What happens in small data? Risk of overfitting. Priors regularise and stabilise. ML features + Bayesian shrinkage.
Is the model interpretable? Depends on the learner. Often clearer through parameters. ML for pattern, Bayes for explanation.
Natural-science decision? Point prediction. Uncertainty-aware decision. Predictive + calibrated + interpretable.

10 A small concluding message

Bayesian inference and AI/ML should not be presented as enemies. In natural-science data analysis:

  • ML can discover complex predictive structure.
  • Bayesian inference can quantify uncertainty, encode scientific prior information, and handle small-data regimes.
  • Hybrid workflows can take an ML output and place a Bayesian uncertainty layer on top.

For scientific students, the key habit is:

Do not ask only: what is the prediction? Also ask: how uncertain is it, why should I believe it, and what scientific decision depends on it?

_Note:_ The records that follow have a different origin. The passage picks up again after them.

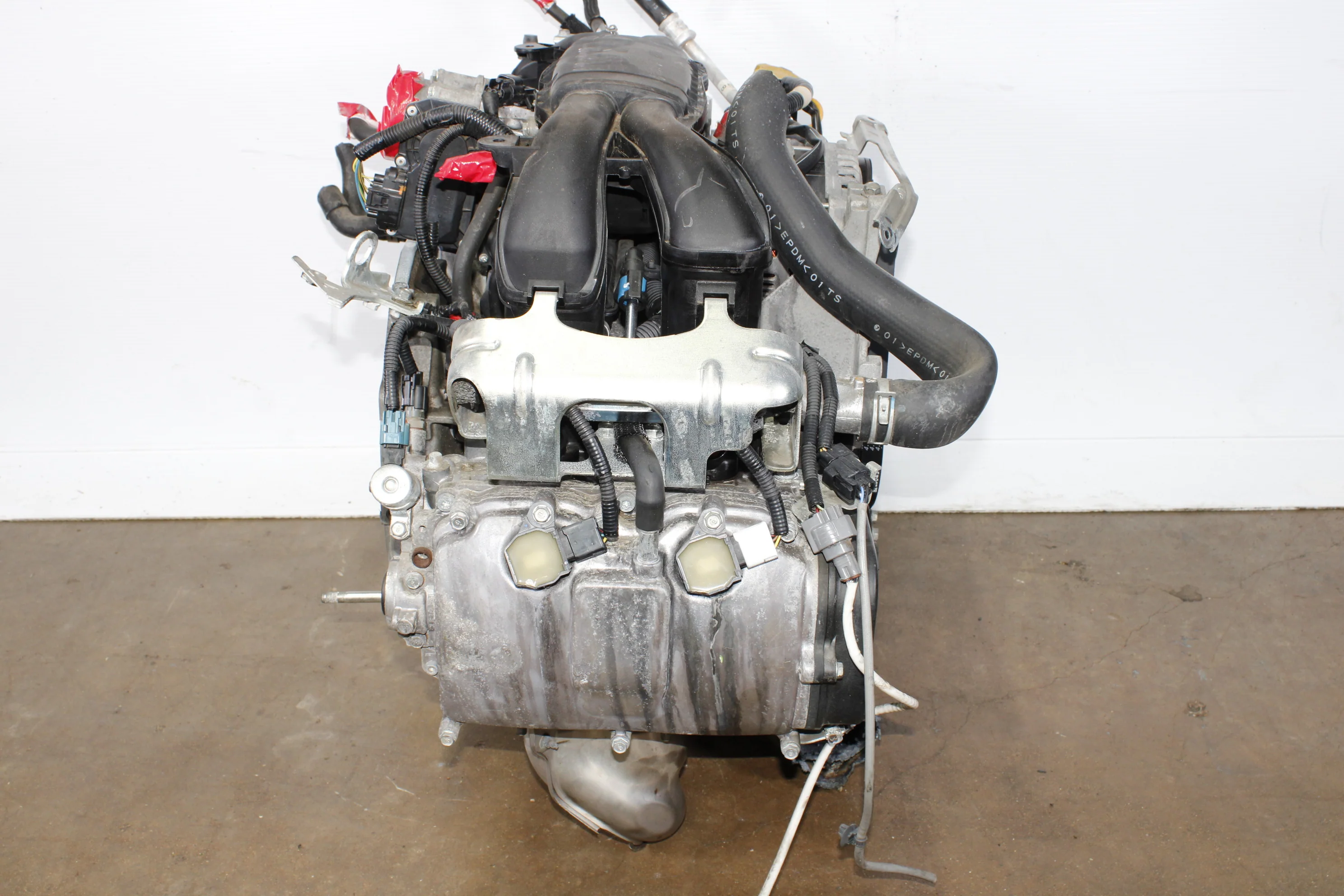 2010-2012 Subaru Legacy 2.5L SOHC Engine JDM EJ25 4 Cylinder Motor - Image 8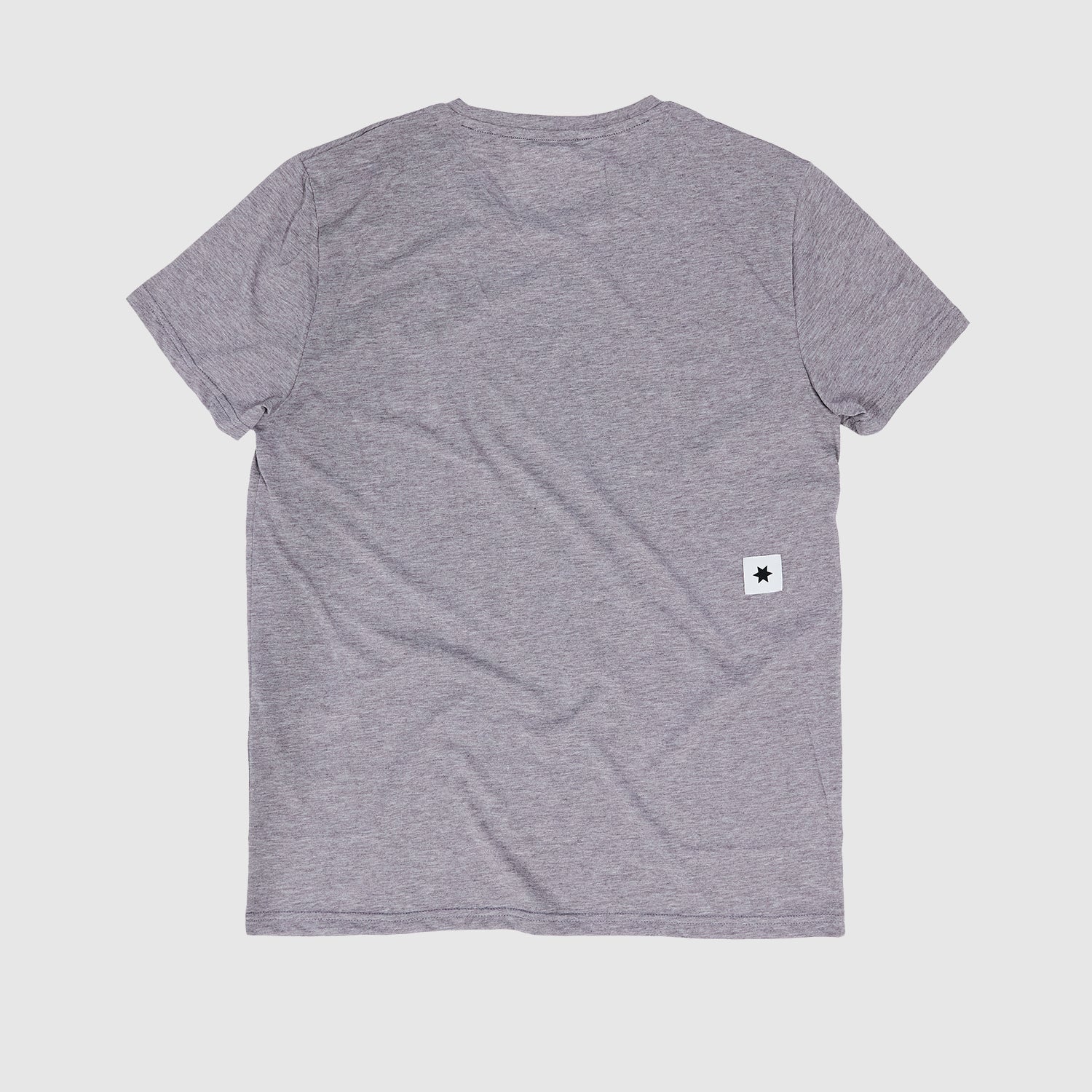 Clean Motion T-shirt | Grey Melange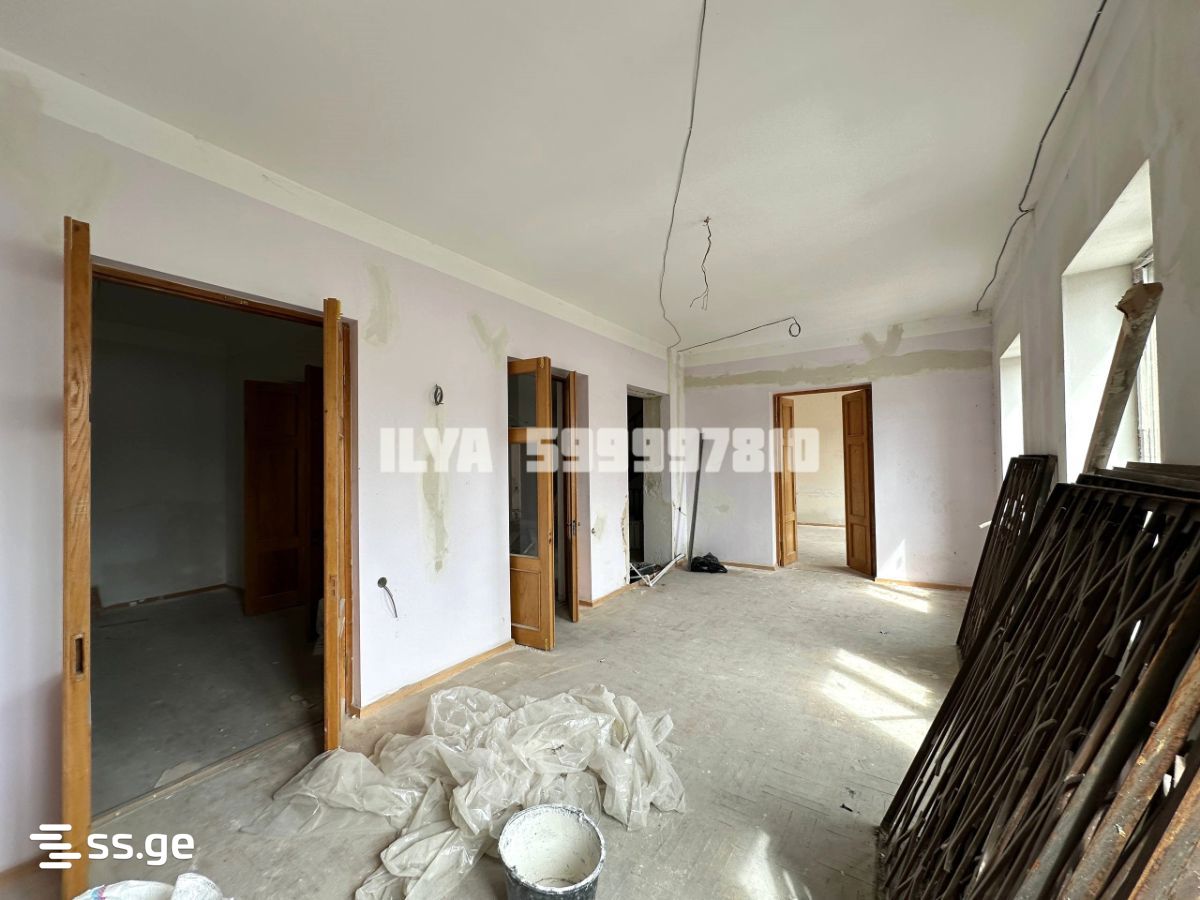 8 Room Private House For Rent. Didube view 4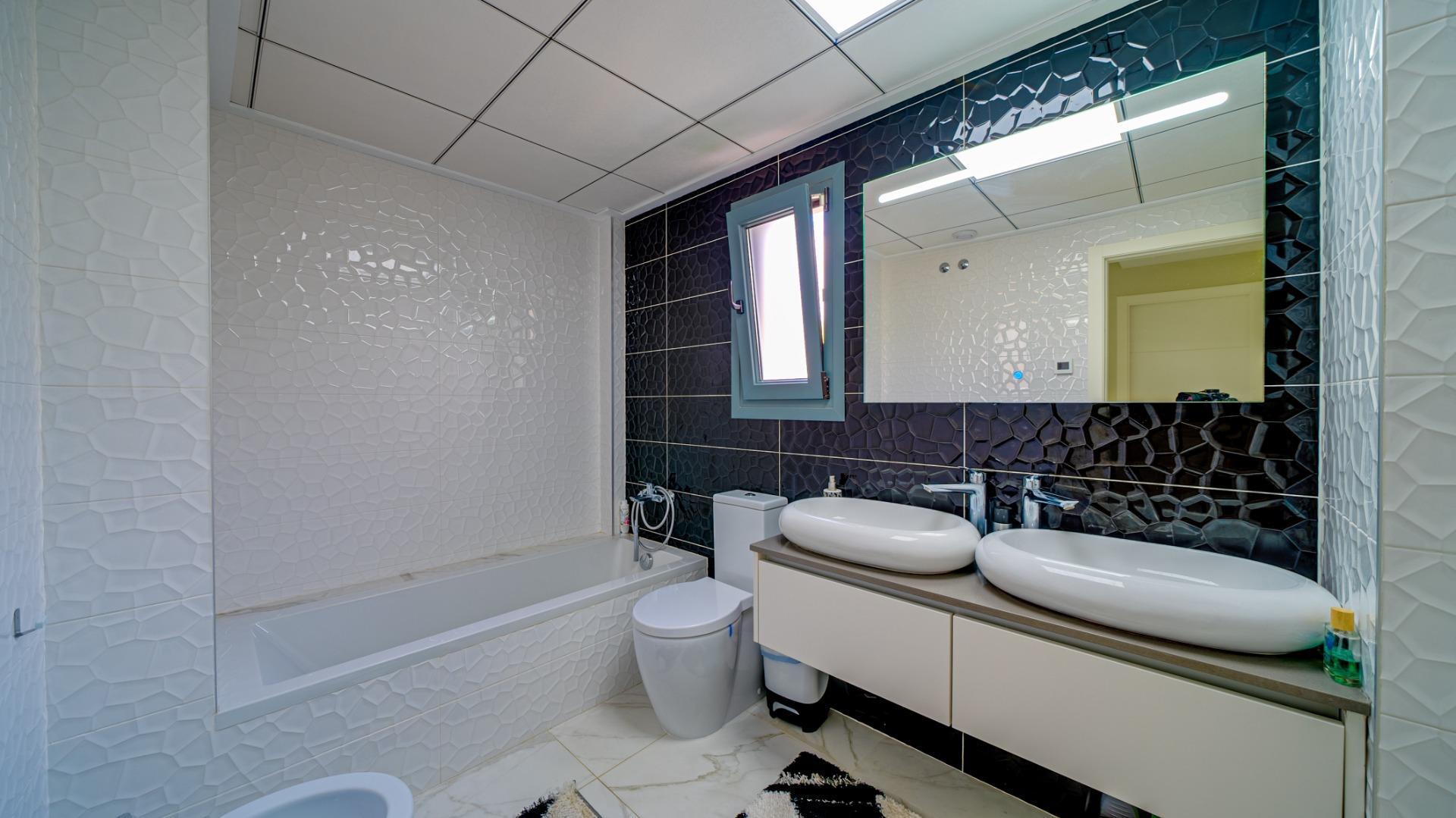 16-44-2 Modern Villa with sea views from all rooms in Balcón de Finestrat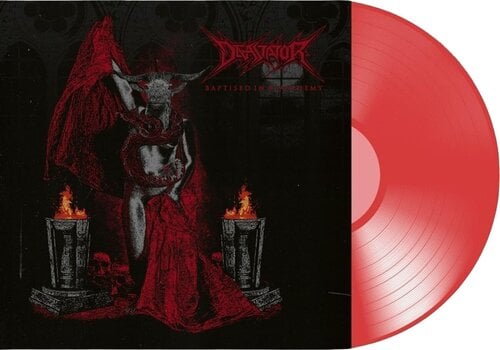 LP ploča Devastator - Baptised In Blasphemy (Remastered) (Limited Edition) (Red Coloured) (LP) - 2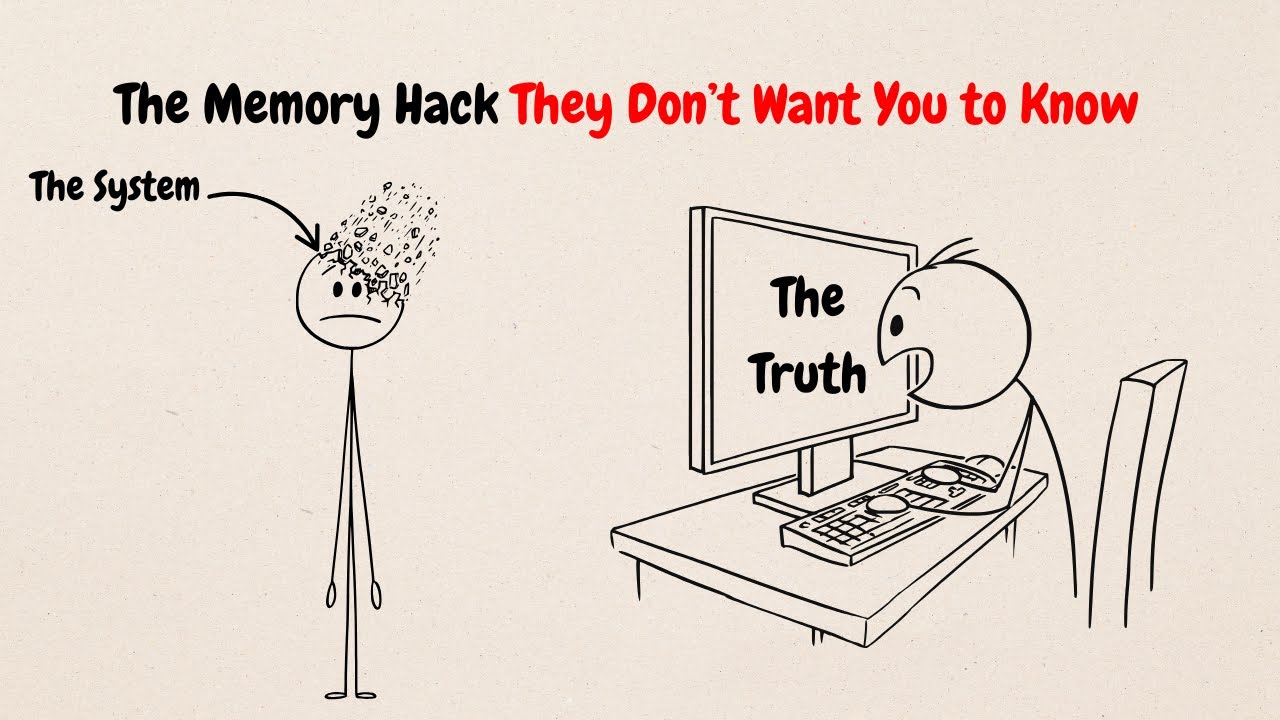 The Easiest way to Build an Exceptional Memory and Never Forget (US Navy Seal Secret)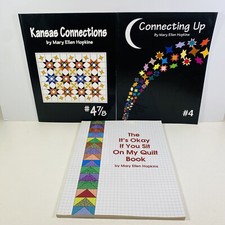 3 Lot Mary Ellen Hopkins- Connecting Up, Kansas Connections, Its Okay If You Sit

11 Reproducibility and package citations

citation()
citation("MASS")
citation("survival")
citation("rpart")
citation("ggplot2")

Useful references:

  1. Gelman, A. et al. (2013). Bayesian Data Analysis, 3rd ed. Chapman and Hall/CRC.
  2. Berger, J. O. (1985). Statistical Decision Theory and Bayesian Analysis, 2nd ed. Springer.
  3. Breiman, L. (2001). Random Forests. Machine Learning, 45, 5–32.
  4. Cox, D. R. (1972). Regression Models and Life-Tables. JRSS Series B, 34(2), 187–220.
  5. Anderson, E. (1935). The Irises of the Gaspe Peninsula. Bulletin of the American Iris Society, 59, 2–5.
  6. Fisher, R. A. (1936). The use of multiple measurements in taxonomic problems. Annals of Eugenics, 7(2), 179–188.
  7. Chambers, J. M., Cleveland, W. S., Kleiner, B., and Tukey, P. A. (1983). Graphical Methods for Data Analysis. Wadsworth & Brooks/Cole.
  8. Venables, W. N. and Ripley, B. D. (2002). Modern Applied Statistics with S, 4th ed. Springer.
  9. Therneau, T. M. (survival package documentation and vignettes).

12 How to publish this on RPubs

  1. Save this file as Bayes_ML_Natural_Science_RPubs.Rmd.
  2. Open it in RStudio.
  3. Click Knit to produce HTML.
  4. Click Publish and choose RPubs.
  5. Add a short title such as: Bayesian Inference Meets AI/ML in Natural-Science Data.